Jessica K. Hodgins is an American roboticist and researcher who is a professor at Carnegie Mellon's Robotics Institute and School of Computer Science. She is currently VP, Strategic Projects & Research at the RAI Institute in Boston. She was elected the president of ACM SIGGRAPH in 2017. Until 2016, she was Vice President of Research at Disney Research and was the Director of the Disney Research labs in Pittsburgh and Los Angeles. Hodgins also founded the Facebook AI Research lab in Pittsburgh next to Carnegie Mellon.

== Early life and education ==
Jessica Hodgins was born in Urbana, Illinois to Audrey and Frank Hodgins. Audrey was an educator whose work was published in numerous journals and magazines. Frank is the namesake of the Frank Hodgins Fellowship Fund for graduate students in English at the University of Illinois. Hodgins attended Urbana High School. She earned a BA in mathematics from Yale University, and went on to receive her PhD in computer science from Carnegie Mellon University in 1989.

== Career ==
Hodgins was Associate Professor and Assistant Dean in the College of Computing at Georgia Institute of Technology from 1998 to 2000. She has been a professor at Carnegie Mellon University since 2000.

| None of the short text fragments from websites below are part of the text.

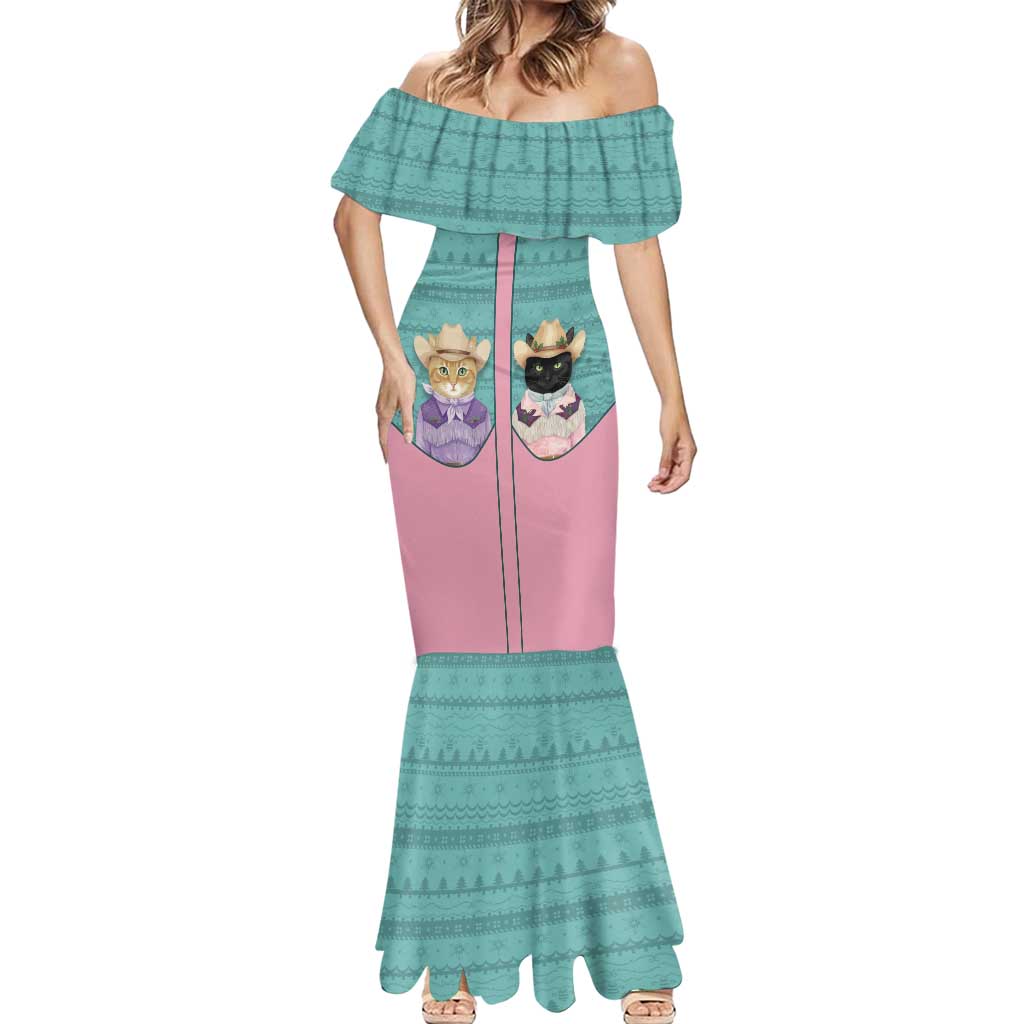 Western Yoke Mermaid Dress Meowdy Christmas And A Meow Year - Wonder Print Shop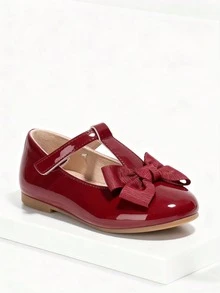 Girls' T-Strap Mary Jane Shoes With Bow Decor, Suitable For Performances And Special Occasions - Red - View 4
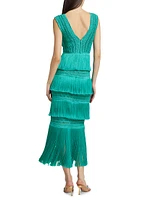 Plunging Fringe Midi-Dress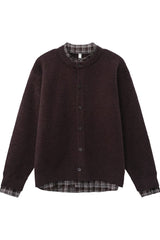 Layered Look Plaid Knit Cardigan
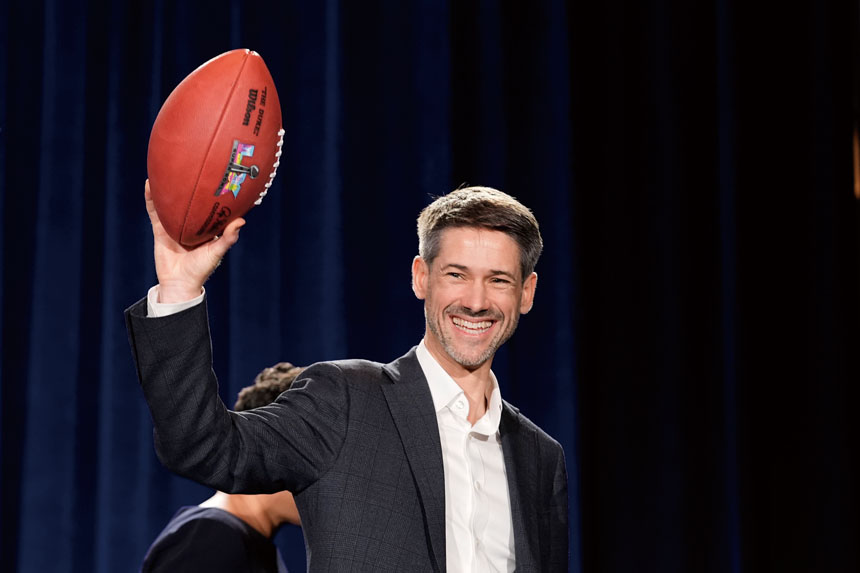 馬漢在2025年超級盃結束後舉行的記者會上。美聯社資料圖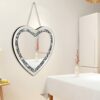 Aeveco Heart Shaped Silver Mirror for Wall Decoration with Crystal Crush Diamond, Dimention12x12x0.5 inch, Wall Hang Frameless Wall Mirror, Spark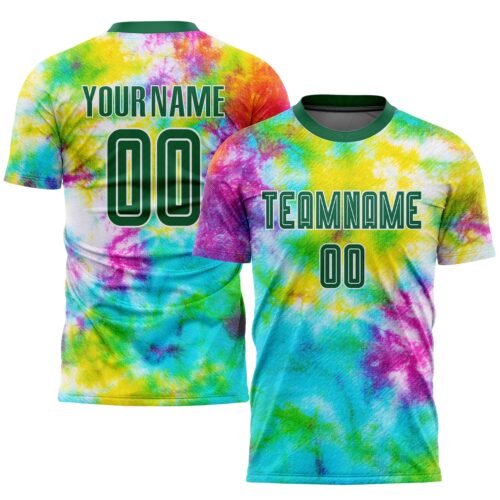 Soccer0277 Custom Tie Dye Kelly Green-White Sublimation Soccer Uniform Jersey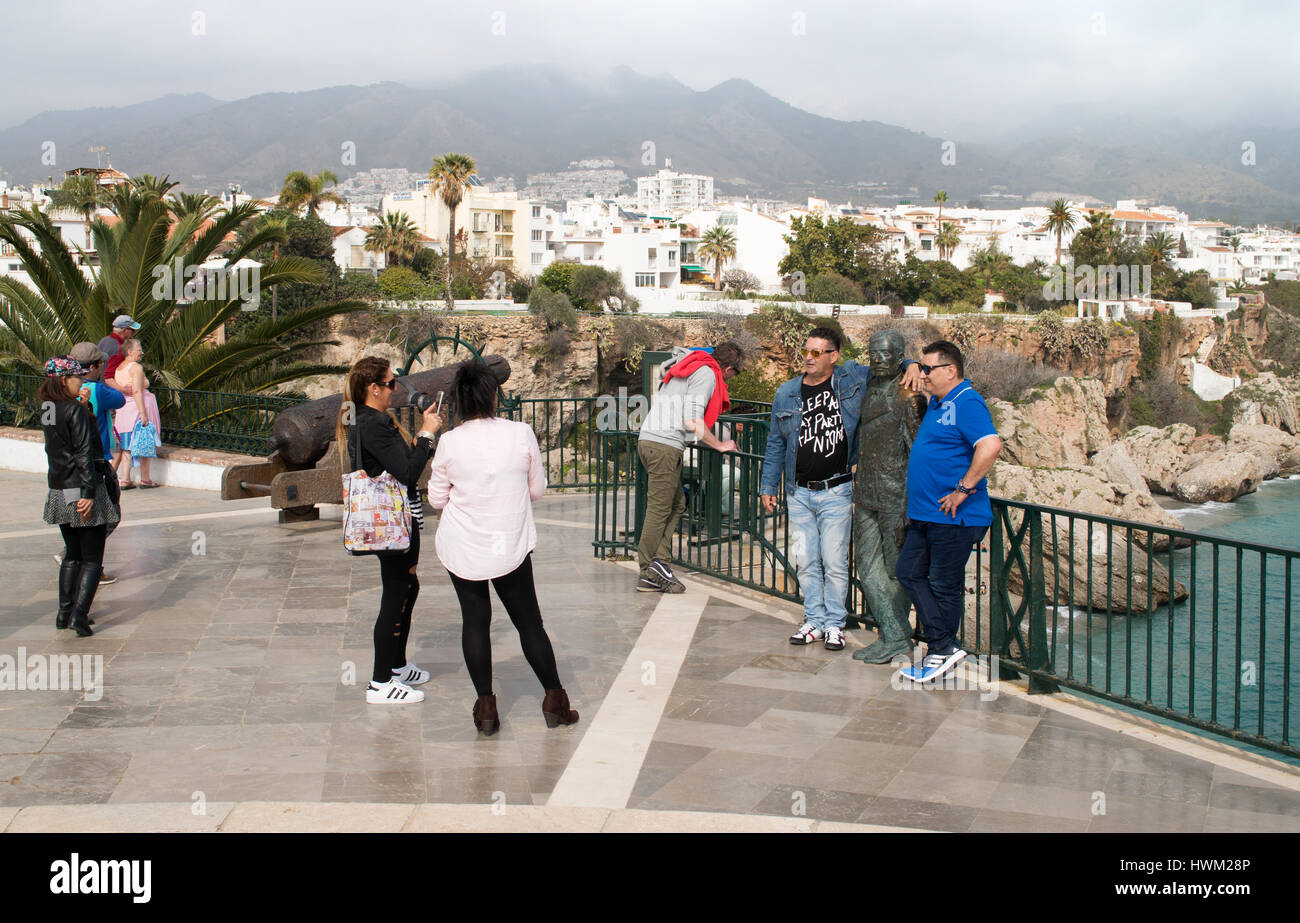 People taking photos, the Plaza del Balcón de Europa, Nerja, Andalusia, Spain Stock Photo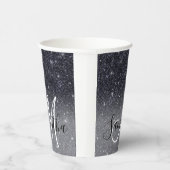 Moderner Schwarzer Glitzer Glitzern Personalisiert Pappbecher (Rechts)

She was Editor in Chief of ACM Transactions on Graphics from 2000 to 2002, and she served as Papers Chair for ACM SIGGRAPH in 2003. She was elected the president of ACM SIGGRAPH in 2017. Prior to being elected president, she served as director at large from 2009 to 2017.

=== Disney Research ===
Hodgins joined Disney Research in 2008 and founded the Disney Research Pittsburgh lab. Much of her research there has been focused on motion capture and computer animation technologies. In 2012 she was part of a team that developed and demonstrated a technique for motion-capture acting to be performed with a single camera and no markers.

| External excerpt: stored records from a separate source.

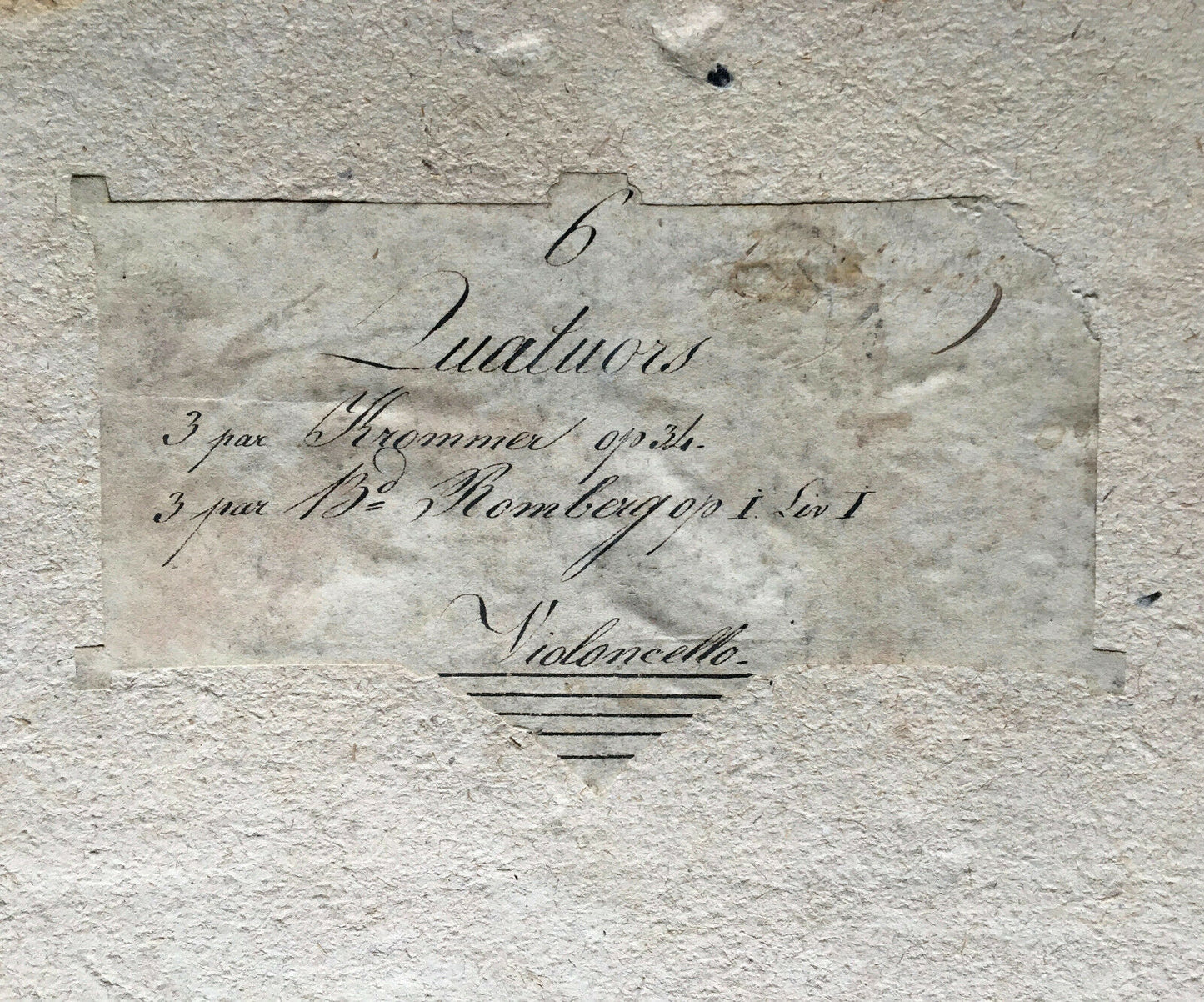 KROMMER / ROMBERG - SIX QUATUORS POUR VIOLONCELLE - SIEBER PÈRE - circa 1800.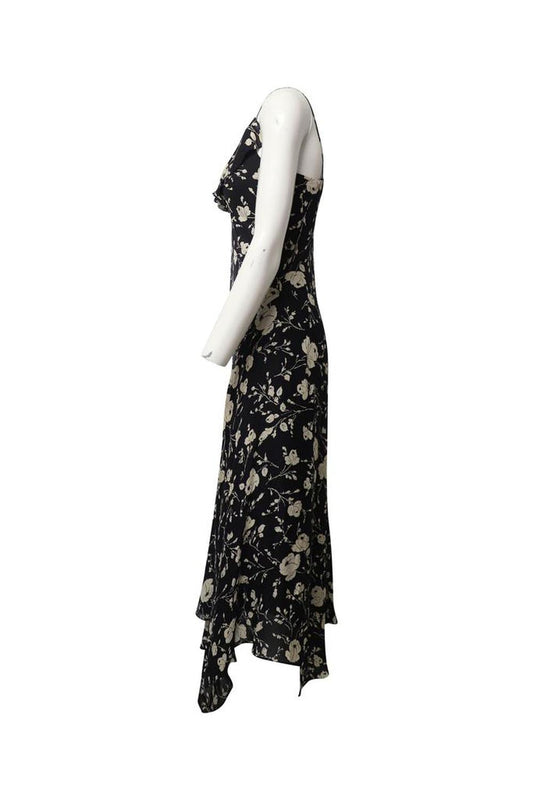 Polo by Ralph Lauren Spaghetti-strap Floral-print Maxi Day Dress in Black Mulberry Silk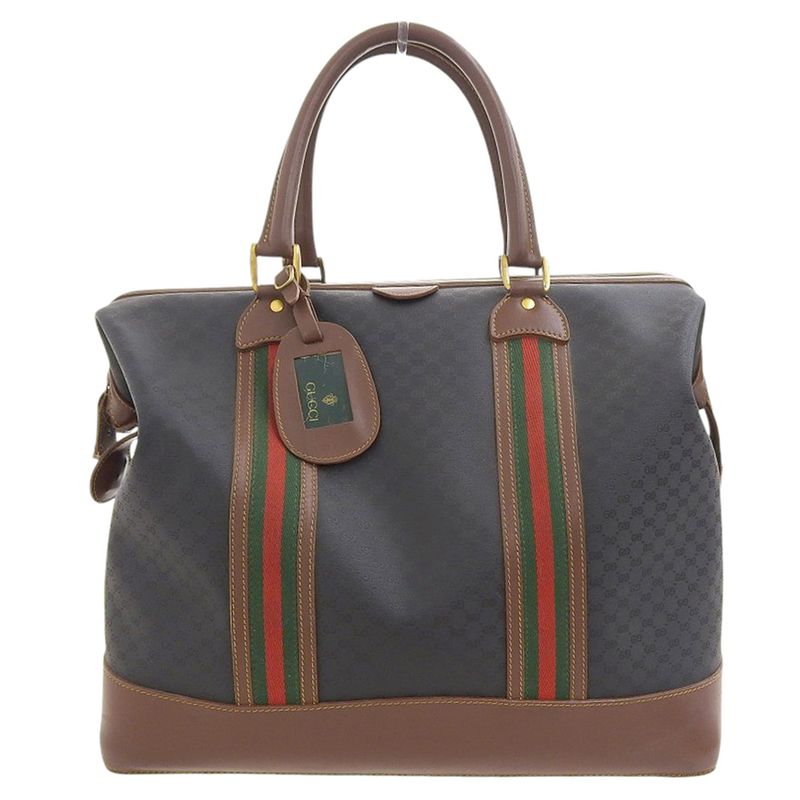 Gucci 90's Vintage Sherry Line Micro GG Jacquard Leather Box Calf Leather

=== Facebook AI Research Lab ===
Beginning in summer 2018, Hodgins is on partial leave from CMU to build a Facebook AI Research Lab located in Pittsburgh.

=== RAI Institute ===
In 2022, Hodgins joined the RAI institute as VP, Strategic Projects & Research. She "oversees strategic projects at the Institute and supports research teams in foundation models, data capture, ethics and society, and humanoids."

== Awards ==
Hodgins has received a NSF Young Investigator Award, a Packard Fellowship, and a Sloan Fellowship.

In 2010, she was awarded the ACM SIGGRAPH Computer Graphics Achievement Award.

In 2017 she was awarded the ACM SIGGRAPH Steven A. Coons Award.

Hodgins was elected as an ACM Fellow in 2018 for "contributions to character animation, human simulation, and humanoid robotics".